I don’t often buy lottery tickets but if I ever had a few million to spare I know what I’d love to do – convert some more of Portugal’s old railway lines into decent cycle trails.
The country has so much potential. But so few good quality off-road cycle routes of any length.
There is the excellent Ecopista do Dão between Viseu and Santa Comba Dão – a 52km section of converted railway line. It’s got too many chicanes at the Viseu end to be perfect for cycling but it’s a wonderful way to explore some sections of the Mondego valley that are very hard (or impossible) to access by road.
I’ve also heard good reports of the Ecopista do Tâmega, a 40km trail following the line of a metre-gauge railway up the Tâmega valley (inland to the north-east of Porto). Sadly, I have yet to ride this one but it’s on my wish list.
Near Valença, the Ecopista do Rio Minho runs for about 20km along the banks of the river forming the northern border between Portugal and Spain.
There’s half a decent cycle trail heading north from Évora. The Ecopista Ramal de Mora is another converted railway line. Starting from the eastern side of the city, the path is sealed for the first six kilometres or so but turns to gravel as it heads roughly north for just over 20km towards Arraiolos.
The old line continues to Pavia and Mora but a few bits have been fenced off (probably illegally). Plans exist to extend the path to 60km to Mora but as far as I’m aware this is another project yet to be realised.
There’s very little official information online about the state of the project. (Any updates welcome.)
There are a number of other shorter cycle paths – or ecopistas as they are called in Portuguese. But as far as I know these are all well under 20km in length. And that’s about it.
There are also plenty of projects that exist on paper. And sometimes the wheels of Portuguese (and European) bureaucracy grind pretty slow but do get there in the end. When I lived in Viseu only about eight kilometres of the Ecopista do Dão had been completed and the rest was just a dream. Of course, they went and finished the project just after I moved away.
And despite the money and work that has gone into these trails, they haven’t always been that well thought-out or finished. There’s very little signage to attract anyone non-local to the Ecopista do Dão and the designers have religiously followed the line of the railway. Meaning it ends in the middle of nowhere (where the old railway used to divide) and is on the opposite side of the Mondego river from Santa Comba – which can only be crossed here via a motorway-standard bridge closed to cyclists!
In other parts of Portugal a start has also been made on other trails. The Ecopista do Sabor begins from the town of Torre de Moncorvo. On my last visit (October 2014) there were only a few kilometres to this trail and it was all unsealed. But this is a route that has huge potential to open up a remote and little-visited part of northern Portugal.
One problem for cyclists thinking of exploring the Tras os Montes region north of the Douro is the limited window of opportunity.
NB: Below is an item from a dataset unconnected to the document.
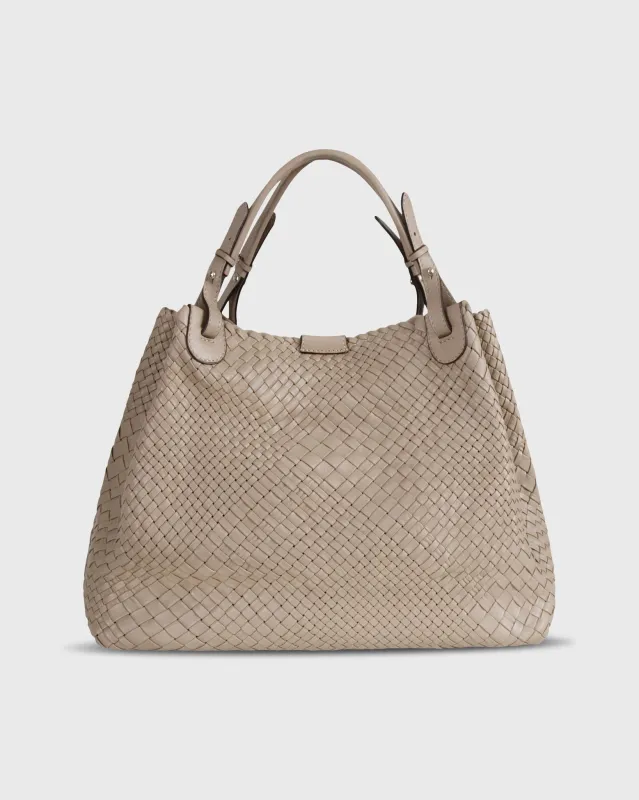 Cate Handwoven Satchel Bag in Beige Leather made by Mashburn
It can be freezing up here in the northern hills from October through into April, while July to August are way too hot to do much movement of any kind. And another issue is the hills. There are some deep river valleys in these parts meaning you can’t cover any real distance without having to tackle major climbs.
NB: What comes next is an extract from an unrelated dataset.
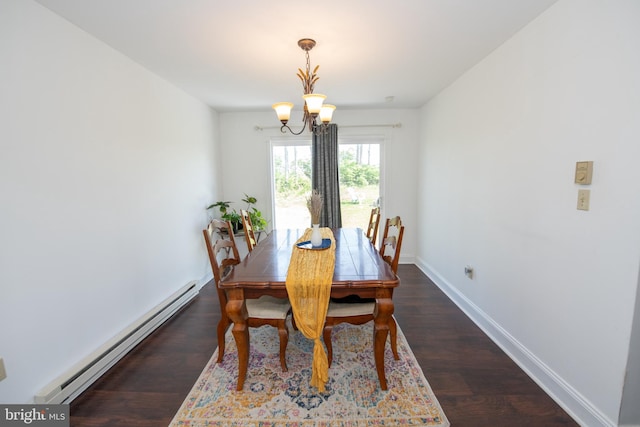 dining area featuring baseboards, a notable chandelier, wood finished floors, and baseboard heating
So imagine how good it would be to have a dedicated cycle trail to open up the region. The old railway line from Torre de Moncorvo (still shown as in operation on Michelin maps!) goes around 100km north-east to Miranda do Douro. There are some beautiful landscapes in this area and some lovely historic towns that see very few tourists in comparison with other parts of Portugal.
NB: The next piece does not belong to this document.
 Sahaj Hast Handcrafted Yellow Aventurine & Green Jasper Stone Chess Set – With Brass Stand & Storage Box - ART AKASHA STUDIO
It would be wonderful to see the Ecopista do Sabor completed and up to the standard of the Dão route (or better). And there are all those derelict lines in the Alentejo as well as other parts of Portugal.
I try to keep track of these trails on a dedicated page on the subject on the Pedal Portugal website. But think what could be done by a cycling philanthropist with a few spare million? Anyone interested in helping out?